– Ангела, девочка моя, случилось ужасное! – сбивчиво обратилась мать, но дочь и без того бросилась на встречу.

– Господи, что ещё ужаснее? Кто умер?

– Не умер, а убили… – с бледным, как стена видом, ответила Светлана, от чего выразительные глаза следователя чуть не выпали из орбит. – Звонила наша калининградская соседка, тётя Эмма… Ременчук Эмма, вы должны её помнить… Вы дружили с их детьми… В смысле с Юлькой, их единственной доченькой! – искренние слёзы прихлынули к горлу и глазам драматической актрисы, – Вернее, не вы, а ты, Ангела, дружила…

– Мамочка, я помню, ближе! – в нетерпении взмолилась сыщица-индиго и Лана собралась для сакраментального аккорда.

– Юльку Ременчук растерзал в лесу местный маньяк. Этот зверь снова объявился. Эмма очень просит о помощи в поисках и расследовании. В общем, собираетесь, мы едем в Волчегорск!

Глава III. Обратная тяга

Pe moriturus, te salutante

(«Идущие на смерть приветствуют тебя», лат.)

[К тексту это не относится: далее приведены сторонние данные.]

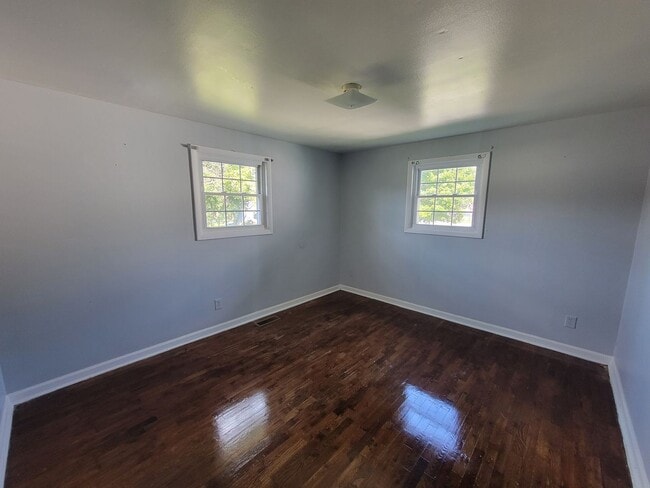 Building Photo - 2 Bedroom 1 Bathroom Home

*** Волчегорск, 27 сентября

Мигающий свет в тёмном коридоре не давал собраться с мыслями и раздражал глаза, которые и так практически не смыкались уже два месяца. Вымотанная женщина со следами былой красоты на лице караулила у кабинета старшего следователя с говорящей фамилией Жданов. Её уже тошнило от звуков этой фамилии, которую они нещадно трепали дома на пару с мужем, и от звуков его противного безразличного голоса, но он был единственной надеждой, хоть и призрачной.

Она смотрела в стену перед собой стеклянным взглядом, не замечая изредка проплывающих мимо теней сотрудников РУВД. Не воспринимала ничего вокруг. Кроме этого пульсирующего света госучреждения, который испокон веков существовал по национальному принципу известному ещё Салтыкову-Щедрину под названием «Пьют и воруют». Всё потому, что он напоминал надежду, призрачно мерцавшую в долгом конце мрачных дум матери, которую внезапным утренним звонком вызвали на опознание останков единственной дочери в следственный отдел.

Да только хитроумный полковник юстиции Жданов, внезапно щёлкнувший пальцами перед глазами терпеливой посетительницы, намеренно скрыл первопричину приглашения, лишь бы избежать ненужных истерик и иметь возможность убедительно побеседовать. Последнее было его долгом, назначенным свыше – с самой верхушки областного Олимпа, укрытого серыми облаками. Дело исчезновения нимфетки было хоть и заурядным для провинции, но весьма неоднозначным, и отчего-то оно по умолчанию стояло на особом контроле у бойцов невидимого фронта, с помощью которых подогревались возмущения наёмной общественности и расшатывался трон под влиятельным полицейским шефом.

– Я заранее извиняюсь, – едва подавив винный «привет из глубины души», начал начальник волчегорского следствия, сияя в центре своего рабочего стола радостными глазами, и Эмма также просияла в ответ. Она надеялась на долгожданные вести о своём ребёнке и только на добрые, ведь весь безразличный мрак Жданов и его преданные помощники уже два месяца сообщали только по телефону, – но я буду с вами не только беседы беседовать, уж очень много дел и мало времени. Я вызвал вас на нечто, сродни опознанию…

Бирюзовые глаза Эммы Ременчук, которыми она поделилась с дочкой, снова остекленели и померкли, как прежде. Она попыталась выразить удивление несоответствующему для процедуры опознания месту, но только закашлялась, растерянно оглядев цивильный начальственный кабинет, стандартный интерьер которого нарушала лишь пара жутких африканских масок и какой-то хищный охотничий трофей. Под ним на позолоченной пластине был выгравирован городской герб с надписью «Volfenberg IXX – XXI».